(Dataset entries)
Content starts

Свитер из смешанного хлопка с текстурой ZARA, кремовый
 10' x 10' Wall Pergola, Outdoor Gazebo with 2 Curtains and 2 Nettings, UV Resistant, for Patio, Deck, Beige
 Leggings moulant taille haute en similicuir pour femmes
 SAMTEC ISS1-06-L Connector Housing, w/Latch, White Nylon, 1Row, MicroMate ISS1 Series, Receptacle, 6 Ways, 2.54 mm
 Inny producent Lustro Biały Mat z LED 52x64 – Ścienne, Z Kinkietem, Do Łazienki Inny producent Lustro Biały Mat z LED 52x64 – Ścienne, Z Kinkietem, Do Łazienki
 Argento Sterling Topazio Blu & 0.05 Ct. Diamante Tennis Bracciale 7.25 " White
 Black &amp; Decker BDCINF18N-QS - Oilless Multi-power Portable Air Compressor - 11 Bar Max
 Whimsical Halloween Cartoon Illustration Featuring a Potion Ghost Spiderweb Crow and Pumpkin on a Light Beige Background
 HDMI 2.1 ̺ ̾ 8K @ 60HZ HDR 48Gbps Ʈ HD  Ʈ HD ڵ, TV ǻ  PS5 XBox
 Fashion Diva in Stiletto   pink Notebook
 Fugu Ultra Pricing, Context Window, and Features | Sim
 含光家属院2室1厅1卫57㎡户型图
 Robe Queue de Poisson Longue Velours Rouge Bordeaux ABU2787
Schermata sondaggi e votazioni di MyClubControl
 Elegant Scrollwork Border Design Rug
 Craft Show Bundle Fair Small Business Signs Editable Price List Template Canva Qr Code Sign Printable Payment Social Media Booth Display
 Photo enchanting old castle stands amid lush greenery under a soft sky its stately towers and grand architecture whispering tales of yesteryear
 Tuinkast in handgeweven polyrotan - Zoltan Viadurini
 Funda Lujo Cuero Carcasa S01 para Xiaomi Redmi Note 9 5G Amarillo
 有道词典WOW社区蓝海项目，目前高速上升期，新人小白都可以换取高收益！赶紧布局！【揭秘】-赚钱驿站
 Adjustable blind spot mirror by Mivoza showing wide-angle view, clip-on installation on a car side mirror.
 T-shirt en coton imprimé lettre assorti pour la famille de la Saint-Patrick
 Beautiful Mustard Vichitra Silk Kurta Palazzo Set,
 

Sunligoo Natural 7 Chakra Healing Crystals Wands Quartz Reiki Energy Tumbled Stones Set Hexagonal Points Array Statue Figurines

Content ends

Exercise goal: Using the data above, reproduce exactly the lines from the line that contains "HDMI 2.1 ̺ ̾" through the line that contains "Craft Show Bundle", including both.

Expected answer:
 HDMI 2.1 ̺ ̾ 8K @ 60HZ HDR 48Gbps Ʈ HD  Ʈ HD ڵ, TV ǻ  PS5 XBox
 Fashion Diva in Stiletto   pink Notebook
 Fugu Ultra Pricing, Context Window, and Features | Sim
 含光家属院2室1厅1卫57㎡户型图
 Robe Queue de Poisson Longue Velours Rouge Bordeaux ABU2787
Schermata sondaggi e votazioni di MyClubControl
 Elegant Scrollwork Border Design Rug
 Craft Show Bundle Fair Small Business Signs Editable Price List Template Canva Qr Code Sign Printable Payment Social Media Booth Display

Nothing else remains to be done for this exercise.